Returns the point at which our model function is predicted to have the highest value.

Author: Christian Elias Anderssen Dalan ceadyy@gmail.com

minimize_prediction: If your task is to minimize some model function, this parameter is True. If your task is to maximize the model function this parameter is False.

l: Exploration parameter. Scales how much the standard deviation should impact the function value. l = 1 means that the function maximized/minimized equals predicted value +/- the standard deviation.

x0: Initial guess. If not specified it will use the point at which the training data is the largest/smallest.

delta: Hyperparameter that tunes UCB around measured datapoints.

p - The predicted point at which an evaluation would yield the highest/lowest value

Source code in btjenesten/gpr.py

def aquisition(self, minimize_prediction=True, x0 = None, l=1.2, delta=0.1, method = "COBYLA"):
    """
    Returns the point at which our model function is predicted to have the highest value.

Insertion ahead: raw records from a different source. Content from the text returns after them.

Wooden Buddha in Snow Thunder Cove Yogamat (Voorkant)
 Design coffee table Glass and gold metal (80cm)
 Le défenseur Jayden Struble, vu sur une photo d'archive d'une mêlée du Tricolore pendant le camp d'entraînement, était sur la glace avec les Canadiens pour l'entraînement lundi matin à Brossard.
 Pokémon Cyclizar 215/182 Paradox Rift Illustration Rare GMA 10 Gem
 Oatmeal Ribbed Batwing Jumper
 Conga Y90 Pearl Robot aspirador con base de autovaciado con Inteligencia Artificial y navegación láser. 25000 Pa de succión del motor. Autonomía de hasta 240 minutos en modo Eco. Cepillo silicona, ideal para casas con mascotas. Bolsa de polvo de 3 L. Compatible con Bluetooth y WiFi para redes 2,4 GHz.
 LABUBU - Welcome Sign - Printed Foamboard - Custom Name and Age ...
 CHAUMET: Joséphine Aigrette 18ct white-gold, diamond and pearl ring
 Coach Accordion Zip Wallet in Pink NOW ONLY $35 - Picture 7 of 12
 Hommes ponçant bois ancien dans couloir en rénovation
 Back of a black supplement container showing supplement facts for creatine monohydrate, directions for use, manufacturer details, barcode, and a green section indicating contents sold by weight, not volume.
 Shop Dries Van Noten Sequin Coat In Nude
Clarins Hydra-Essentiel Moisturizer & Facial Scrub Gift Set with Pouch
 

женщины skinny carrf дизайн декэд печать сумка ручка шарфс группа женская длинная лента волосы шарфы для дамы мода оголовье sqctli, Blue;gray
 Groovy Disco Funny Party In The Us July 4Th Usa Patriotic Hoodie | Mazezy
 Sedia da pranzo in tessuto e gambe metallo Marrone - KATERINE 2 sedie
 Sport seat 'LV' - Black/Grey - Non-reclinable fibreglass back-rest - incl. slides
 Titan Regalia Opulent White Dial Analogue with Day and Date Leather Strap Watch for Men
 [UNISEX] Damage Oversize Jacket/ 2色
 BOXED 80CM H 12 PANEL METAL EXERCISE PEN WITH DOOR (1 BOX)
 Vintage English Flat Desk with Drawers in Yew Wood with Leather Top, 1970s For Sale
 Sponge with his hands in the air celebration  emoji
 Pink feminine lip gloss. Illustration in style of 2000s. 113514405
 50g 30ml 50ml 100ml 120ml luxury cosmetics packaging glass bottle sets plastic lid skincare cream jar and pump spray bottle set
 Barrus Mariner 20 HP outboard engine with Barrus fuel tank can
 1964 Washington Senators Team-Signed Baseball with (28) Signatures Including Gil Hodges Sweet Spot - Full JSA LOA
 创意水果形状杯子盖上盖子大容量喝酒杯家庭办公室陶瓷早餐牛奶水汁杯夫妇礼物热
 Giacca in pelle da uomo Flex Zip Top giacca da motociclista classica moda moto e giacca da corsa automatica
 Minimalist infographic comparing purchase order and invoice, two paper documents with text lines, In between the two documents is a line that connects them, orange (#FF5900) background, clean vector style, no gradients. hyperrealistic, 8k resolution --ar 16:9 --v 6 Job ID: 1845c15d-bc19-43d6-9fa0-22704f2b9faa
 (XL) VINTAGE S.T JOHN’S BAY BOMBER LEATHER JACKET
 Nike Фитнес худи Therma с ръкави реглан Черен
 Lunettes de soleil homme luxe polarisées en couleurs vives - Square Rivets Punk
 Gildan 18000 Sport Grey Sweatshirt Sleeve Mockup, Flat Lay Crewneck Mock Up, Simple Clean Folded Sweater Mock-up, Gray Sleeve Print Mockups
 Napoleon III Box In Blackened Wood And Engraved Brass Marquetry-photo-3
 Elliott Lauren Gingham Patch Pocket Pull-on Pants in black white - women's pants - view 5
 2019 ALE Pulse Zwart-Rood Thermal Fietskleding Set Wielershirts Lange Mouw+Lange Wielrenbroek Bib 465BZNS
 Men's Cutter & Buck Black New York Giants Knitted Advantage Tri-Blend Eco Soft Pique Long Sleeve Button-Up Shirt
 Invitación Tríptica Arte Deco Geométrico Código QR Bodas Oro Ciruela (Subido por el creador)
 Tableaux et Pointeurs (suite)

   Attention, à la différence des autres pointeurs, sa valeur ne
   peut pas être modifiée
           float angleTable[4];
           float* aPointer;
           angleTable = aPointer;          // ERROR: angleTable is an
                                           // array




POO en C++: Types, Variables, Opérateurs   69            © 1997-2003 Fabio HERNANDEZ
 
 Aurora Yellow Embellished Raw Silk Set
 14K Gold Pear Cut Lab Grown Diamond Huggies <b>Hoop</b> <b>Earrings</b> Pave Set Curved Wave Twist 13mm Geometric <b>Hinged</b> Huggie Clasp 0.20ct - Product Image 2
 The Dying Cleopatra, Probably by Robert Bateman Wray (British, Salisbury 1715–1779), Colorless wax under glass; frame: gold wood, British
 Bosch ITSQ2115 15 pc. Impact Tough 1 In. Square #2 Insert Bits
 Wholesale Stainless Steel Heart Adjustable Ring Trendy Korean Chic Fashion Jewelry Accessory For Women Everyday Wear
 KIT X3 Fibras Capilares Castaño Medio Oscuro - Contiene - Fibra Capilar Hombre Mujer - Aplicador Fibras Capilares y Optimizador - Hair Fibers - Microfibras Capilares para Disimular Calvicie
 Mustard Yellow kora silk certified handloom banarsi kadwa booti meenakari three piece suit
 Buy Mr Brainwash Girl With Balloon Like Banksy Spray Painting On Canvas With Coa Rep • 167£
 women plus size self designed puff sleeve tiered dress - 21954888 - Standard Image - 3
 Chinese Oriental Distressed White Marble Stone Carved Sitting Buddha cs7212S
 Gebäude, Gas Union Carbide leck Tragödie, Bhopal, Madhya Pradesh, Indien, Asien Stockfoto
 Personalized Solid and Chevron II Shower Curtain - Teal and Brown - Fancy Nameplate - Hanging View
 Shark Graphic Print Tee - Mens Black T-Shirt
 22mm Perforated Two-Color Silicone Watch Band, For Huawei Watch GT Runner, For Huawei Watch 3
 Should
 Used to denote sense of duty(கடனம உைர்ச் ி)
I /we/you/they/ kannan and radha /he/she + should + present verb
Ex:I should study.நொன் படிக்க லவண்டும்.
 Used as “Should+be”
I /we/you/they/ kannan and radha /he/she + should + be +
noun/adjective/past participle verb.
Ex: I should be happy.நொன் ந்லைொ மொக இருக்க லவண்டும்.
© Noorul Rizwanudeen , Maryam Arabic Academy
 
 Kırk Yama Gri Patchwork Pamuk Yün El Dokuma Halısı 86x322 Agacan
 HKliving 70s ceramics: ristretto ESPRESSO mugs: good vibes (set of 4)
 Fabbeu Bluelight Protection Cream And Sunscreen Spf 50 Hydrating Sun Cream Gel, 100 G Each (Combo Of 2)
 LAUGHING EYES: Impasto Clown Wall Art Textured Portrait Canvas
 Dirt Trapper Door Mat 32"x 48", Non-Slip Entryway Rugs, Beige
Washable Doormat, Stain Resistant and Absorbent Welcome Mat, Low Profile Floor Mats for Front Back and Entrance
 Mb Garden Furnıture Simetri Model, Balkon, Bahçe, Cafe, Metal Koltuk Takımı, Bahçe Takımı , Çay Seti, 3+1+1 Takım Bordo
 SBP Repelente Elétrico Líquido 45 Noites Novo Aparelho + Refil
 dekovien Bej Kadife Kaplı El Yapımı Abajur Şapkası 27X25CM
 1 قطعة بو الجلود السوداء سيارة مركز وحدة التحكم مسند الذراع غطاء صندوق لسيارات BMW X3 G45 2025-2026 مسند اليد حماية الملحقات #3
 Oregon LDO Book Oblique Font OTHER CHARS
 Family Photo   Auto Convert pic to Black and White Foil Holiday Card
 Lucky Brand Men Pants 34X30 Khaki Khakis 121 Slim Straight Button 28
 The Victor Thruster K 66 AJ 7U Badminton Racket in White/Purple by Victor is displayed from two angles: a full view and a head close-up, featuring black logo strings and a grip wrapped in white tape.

    Author: Christian Elias Anderssen Dalan <ceadyy@gmail.com>

    Parameters:
    -----------
    minimize_prediction:
    If your task is to minimize some model function, this parameter is True. If your task is to maximize the model function
    this parameter is False.

    l:
    Exploration parameter. Scales how much the standard deviation should impact the function value. l = 1
    means that the function maximized/minimized equals predicted value +/- the standard deviation.

    x0:
    Initial guess. If not specified it will use the point at which the training data is the largest/smallest.

    delta:
    Hyperparameter that tunes UCB around measured datapoints.

    Returns:
    --------
    p - The predicted point at which an evaluation would yield the highest/lowest value
    """
    if minimize_prediction: #Minimization process
        if x0 == None:
            x0_index = np.where(self.training_data_Y == np.min(self.training_data_Y))

            x0 = self.training_data_X[x0_index]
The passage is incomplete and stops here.